Raw data:
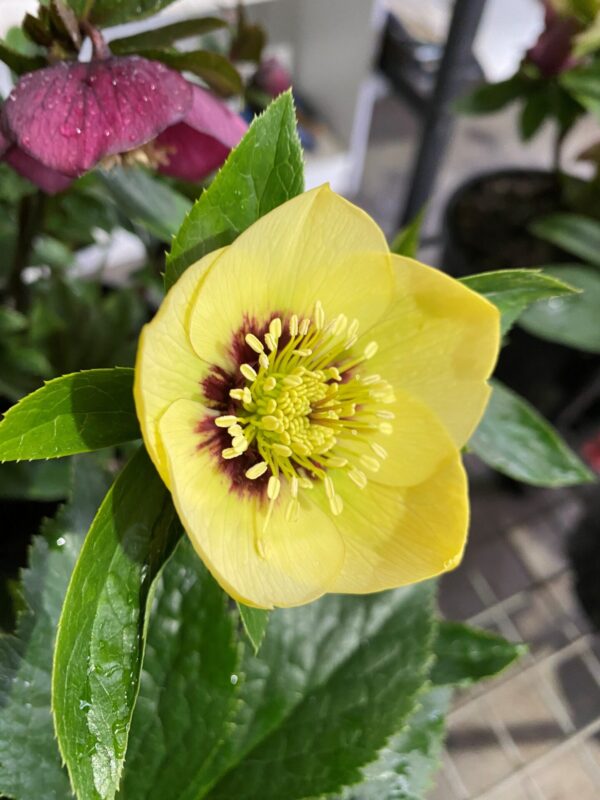 Primrose Yellow Dark Centre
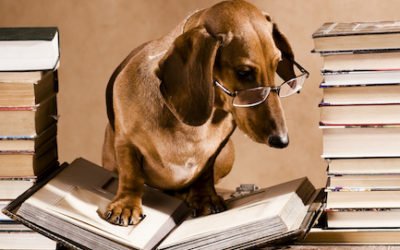 We’re Working On It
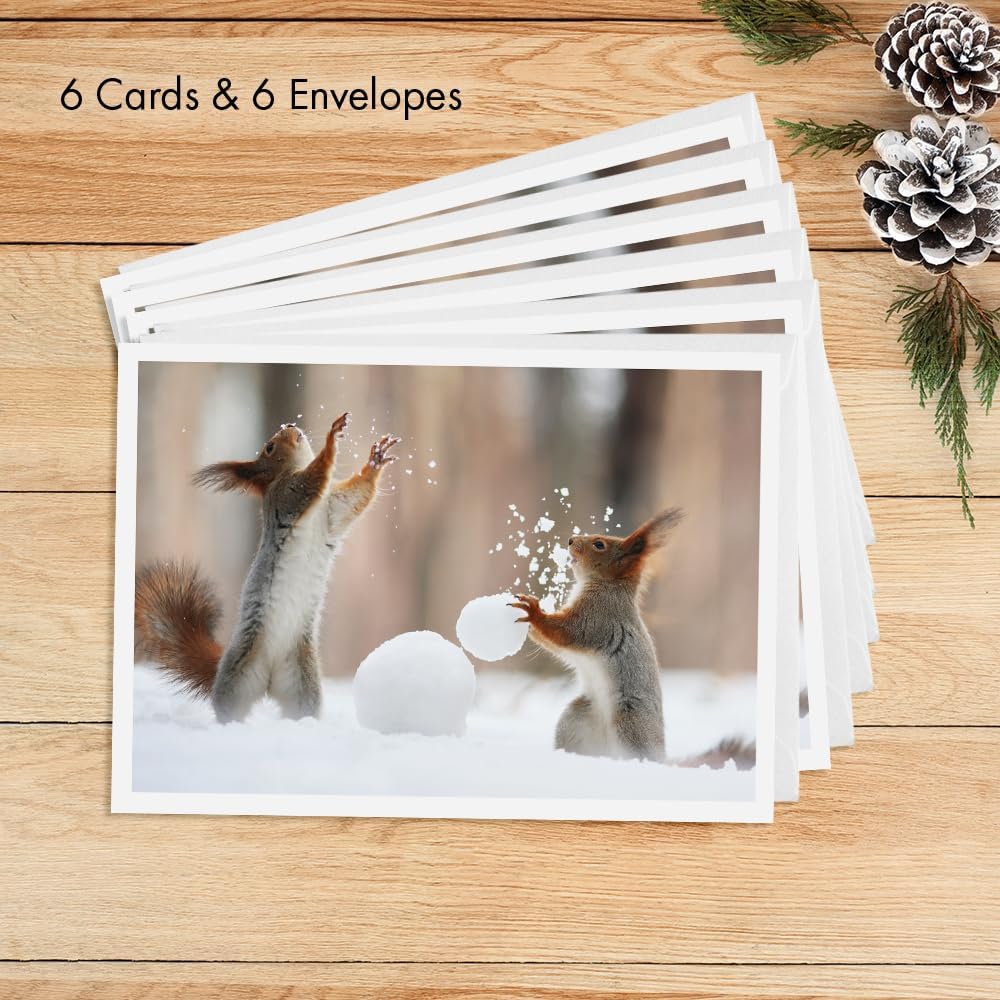 Photographic Happy Holidays Cards, Squirrels Play Catch (6 Cards with White Envelopes)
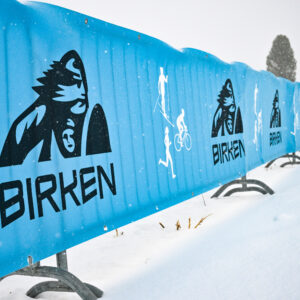 Birken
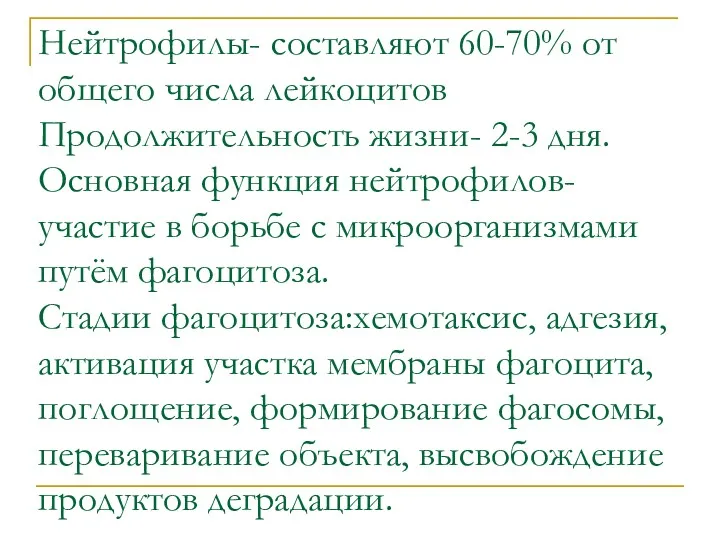 Нейтрофилы- составляют 60-70% от общего числа лейкоцитов Продолжительность жизни- 2-3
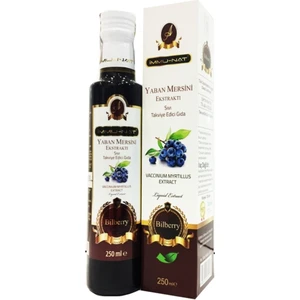 Yaban Mersini Ekstraktı 250 ml Sıvı Ekstresi 2 Kutu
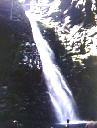 NO PHOTO RORA111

Action item:
Reproduce word for word the lines from the line holding "Нейтрофилы- составляют 60-70%" through the last line of the material above, inclusive, and keep pictures out of it.

Your response:
 Нейтрофилы- составляют 60-70% от общего числа лейкоцитов Продолжительность жизни- 2-3
 Yaban Mersini Ekstraktı 250 ml Sıvı Ekstresi 2 Kutu
 NO PHOTO RORA111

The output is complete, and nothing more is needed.